5V-class high-voltage batteries with over-lithiated oxide and a multi-functional additive

Abstract

Over-lithiated oxides are promising cathode materials for 5V-class high-voltage batteries, however, their widespread adoption has been seriously restricted owing to their complicated chemical and electrochemical limitations. To resolve both of these issues at once, we suggest a multi-functional additive, tris(trimethylsilyl)phosphite (TMSP), with a comprehensive working mechanism that is demonstrated by systematic spectroscopic analyses combined with first-principles calculations. First, TMSP remarkably reduces the internal pressure because trivalent phosphorus effectively scavenges the oxygen gas in the cell.
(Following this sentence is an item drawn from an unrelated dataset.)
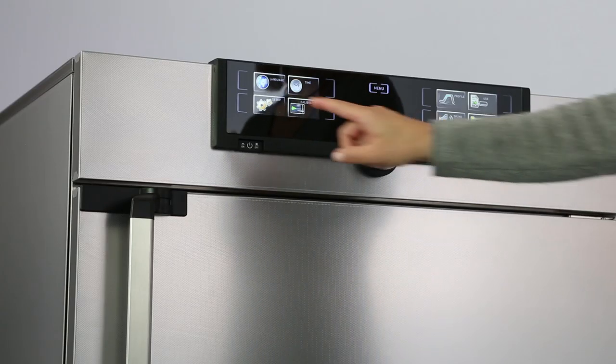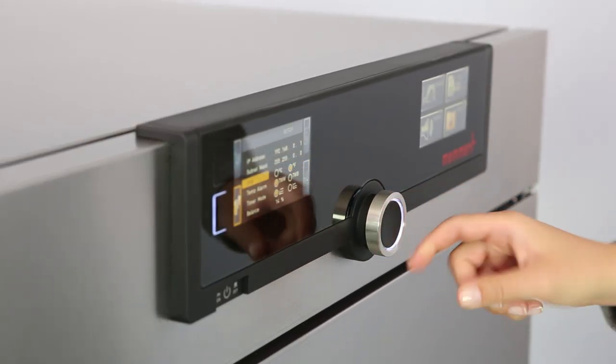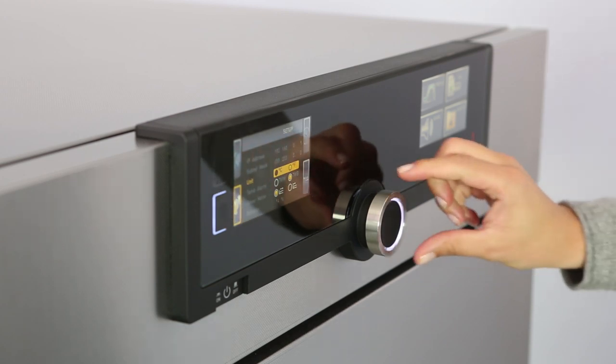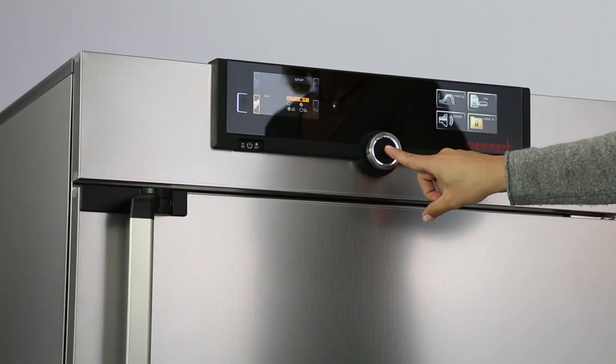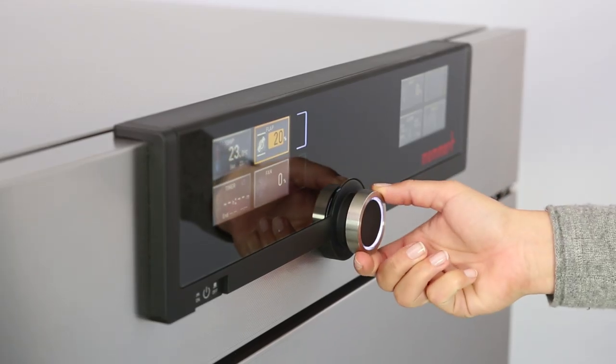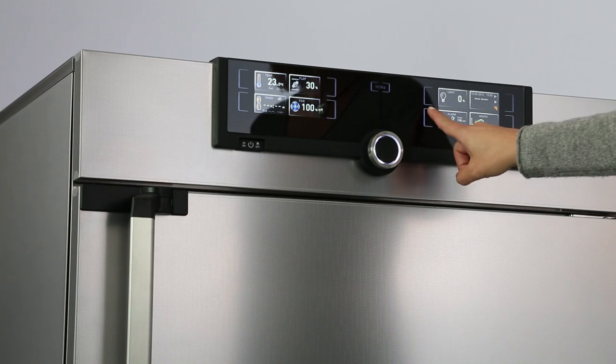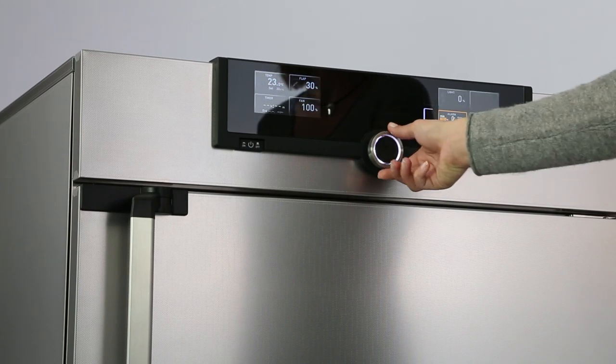Touch, turn and go — was it ever easier? To operate a heating oven, temperature, program, duration, fan speed, or ventilation flap positions are all selected in the left display for generation 2012 appliances.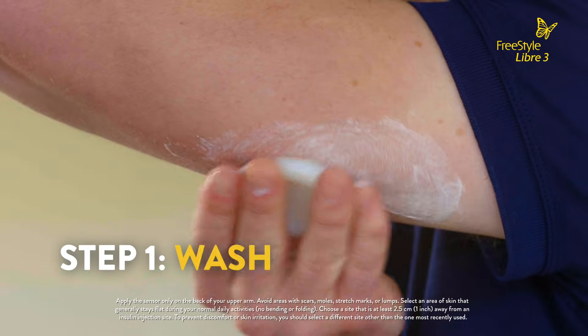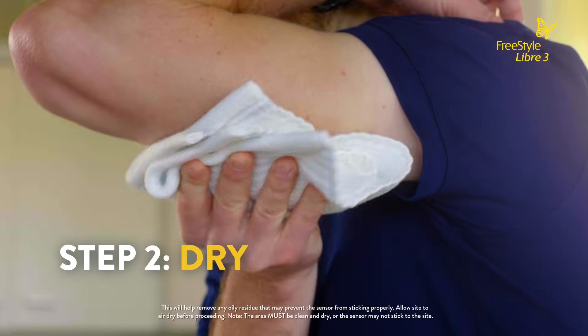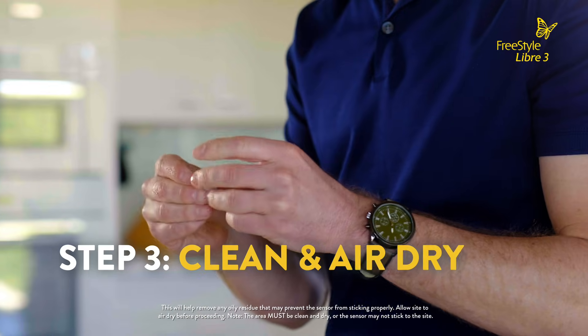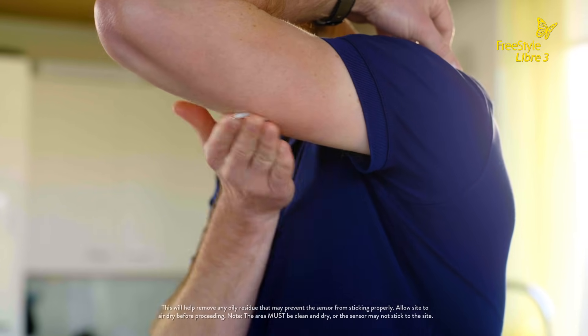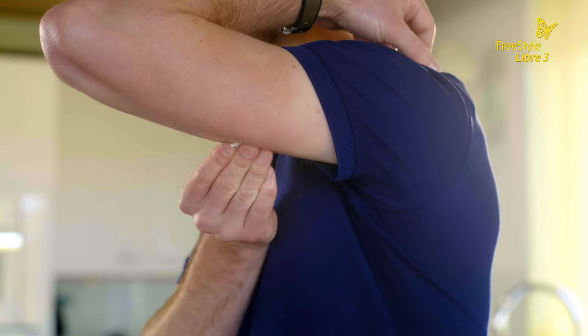Wash the back of your upper arm using a plain soap and water. Wipe dry with a clean towel. Clean with an alcohol wipe and then let air dry. Following these three easy steps helps ensure the sensor stays on your skin.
Second, TMSP greatly enhances the overall chemical stability of electrolytes because electrophilic phosphorus and silicon readily remove nucleophilic lithium oxide species by means of a chemical scavenging reaction. Third, TMSP affords a phosphite component in the protection layer on the electrode surface, inhibiting additional electrolyte decomposition under a high working potential. Finally, TMSP provides a silyl ether component in the protection layer, which is responsible for preventing transition metal dissolution through a fluoride scavenging reaction. Based on these verified effects, TMSP-controlled cells offer remarkable cycle performance with 90.2% capacity retention for 100 cycles.